Disputes can arise between purchasers and sellers of a company following completion of the transaction. These disputes can relate to earn-out clauses.
Share purchase agreements often include earn-out clauses. They are commonly used when a shareholder of the company being sold is also a director and they are to continue working for the company, either as an employee or a director. An earn-out clause incentivises the smooth running of the purchased company following completion because the purchase price is assessed by reference to the profits of the company after completion.
Disputes can arise between purchasers and sellers of a company following completion of the transaction. These disputes can relate to a breach of warranty.
Sellers of a company will often agree to a number of warranties in relation to the purchased company in a share purchase agreement. For example, a warranty could be that the company is not currently subject to any litigation. If it is, the sellers must disclose this in a disclosure letter. By doing so, the purchasers cannot argue that they were unaware of this fact.
Disputes can arise when a warranty is untrue and the sellers have not made a specific disclosure in relation to it.
Good leaver/bad leaver
The notion of the ‘good leaver’ and the ‘bad leaver’ are mechanisms that are commonly included in shareholders’ agreements. Disputes can arise over the classification of an exiting shareholder as a good leaver or a bad leaver.
A good leaver clause provides that a shareholder who leaves for reasons such as death, retirement or illness, is classified as a good leaver. They are then, upon exit, entitled to be paid the current market value for their shares.

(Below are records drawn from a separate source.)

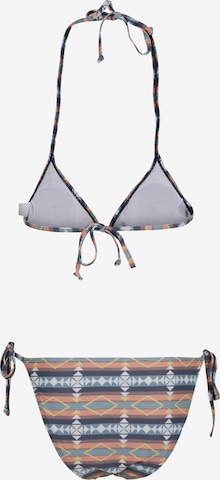 Urban Classics Triangel Bikini i blandingsfarvet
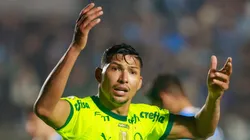 Rony durante jogo do Verdão no Brasileirão.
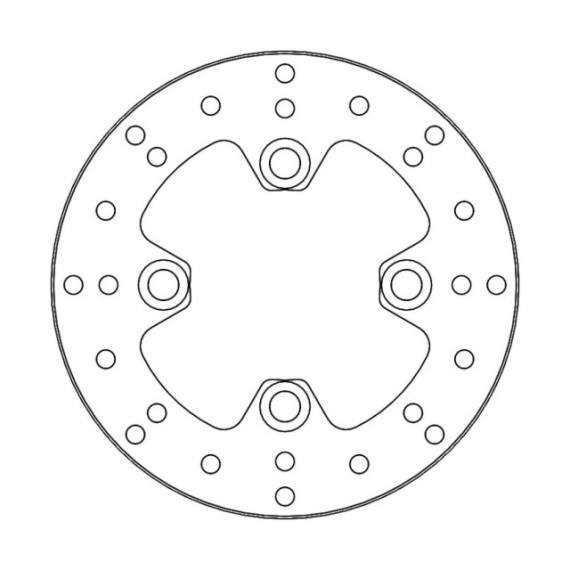 Motomaster Halo Disc front Kawasaki: Teryx, Teryx4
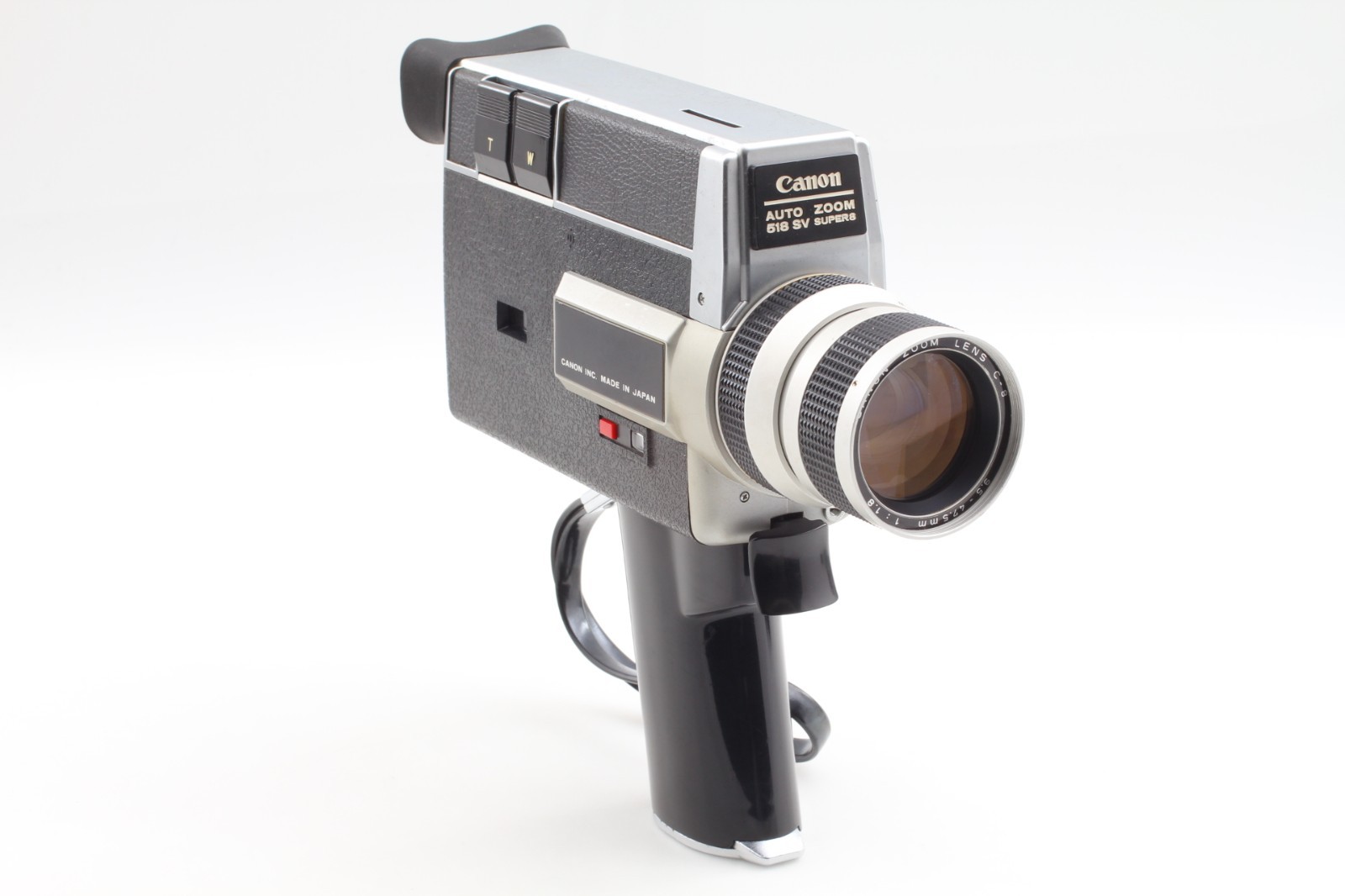 Tested[MINT] Canon Auto Zoom 518 SV Super 8 Movie Camera US DUTY PAID From Japan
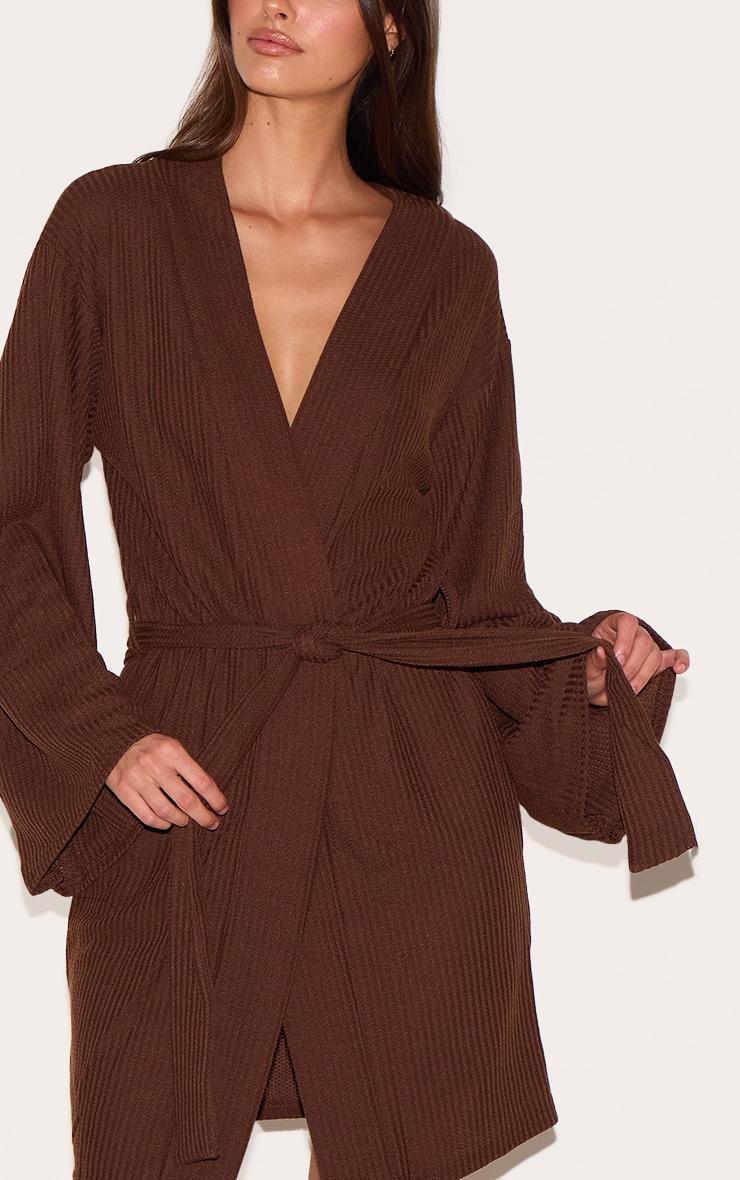Chocolate Waffle Robe Product Image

A bad leaver is the opposite. These are shareholders that leave because they simply choose to, within a defined period, or because they have breached their employment contract or committed gross misconduct. Upon exit, bad leavers would normally only get the nominal value for their shares.
In many disputes regarding share purchase agreements, an expert determination is used whereby an expert is brought in to assess the dispute and provide a resolution. This resolution can be binding on the parties.
Expert determinations can be used to provide an outcome for disputes about the final price paid by the purchasers following production of the completion accounts or earn-out accounts. They could also be used to determine a more specific claim, depending on how the share purchase agreement has been drafted. Breaches of warranties tend to be left for the courts to determine.
A significant advantage of the expert determination process is that it can resolve the dispute without the time and cost of pursuing litigation. Specific expert determination clauses will often be drafted into the share purchase agreement so it is important to seek specialist legal advice on this aspect.